Serializes the `DataToFit` object using `msgpack` (with `msgpack_numpy` enabled) and saves it to a compressed gzip file named `data_to_fit.gz` within the specified directory.

**Parameters:**

-   `results_dir` (`Union[str, Path]`): The directory where `data_to_fit.gz` will be saved.

#### `to_data_frame`

```python
    def to_data_frame(self, unscaled: bool = False) -> Tuple[pd.DataFrame, pd.DataFrame]:
```

Converts the scaled data back into pandas DataFrames for easier viewing and analysis. Can optionally inverse-transform the data back to its original scale.

**Parameters:**

-   `unscaled` (`bool`, optional): If `True`, applies the `inverse_transform` method of the stored scalers to return data in the original scale.
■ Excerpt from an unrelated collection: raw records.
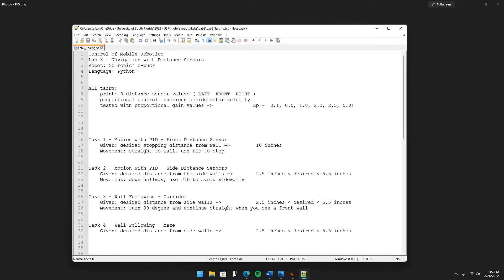Lab 3 consists of four tasks that all require the use of distance sensors. There are several on the robot, but we're just going to be working with the left, right, and front sensors, which I'll be printing out continuously.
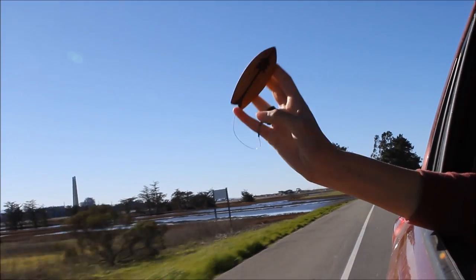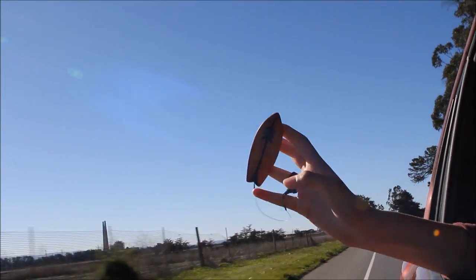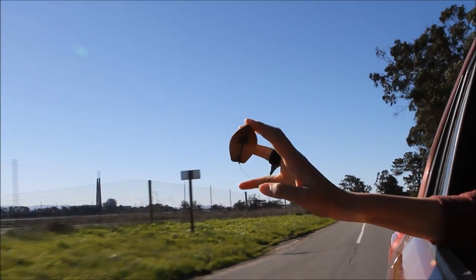Stick your hand out the car window when the car has a bit of speed. Slowly release your thumb and go surfing. Only passengers should surf and be careful. Have fun!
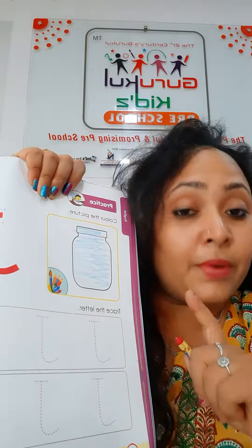Okay children, now small j. J for jar. So color in it.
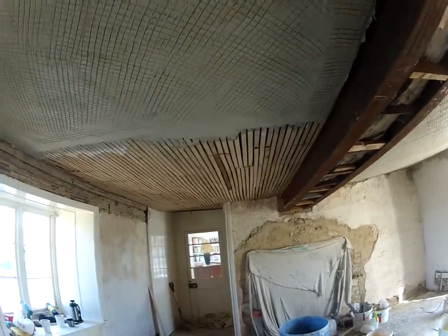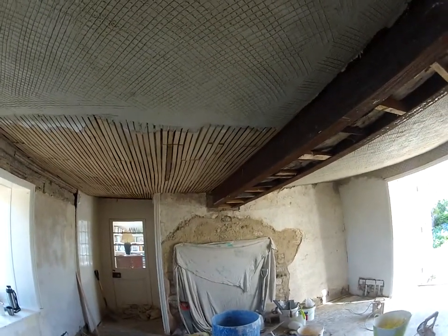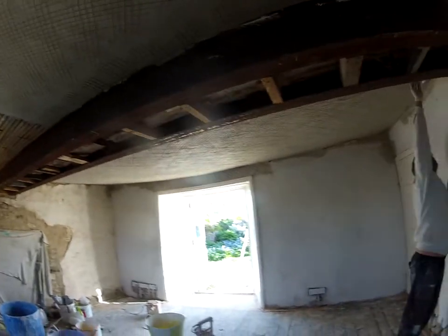Well, here we are. It's a lath and plaster ceiling. The original ceiling was taken down. This is a listed building.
Defaults to `False` (returns scaled data).

**Returns:**

-   `Tuple[pd.DataFrame, pd.DataFrame]`: A tuple containing:
    -   `per_observation_df`: DataFrame indexed by datetime, containing time-series data (media impressions, media costs per row, extra features, target).
    -   `per_channel_df`: DataFrame indexed by media channel name, containing channel-level data (total cost, cost prior, learned prior).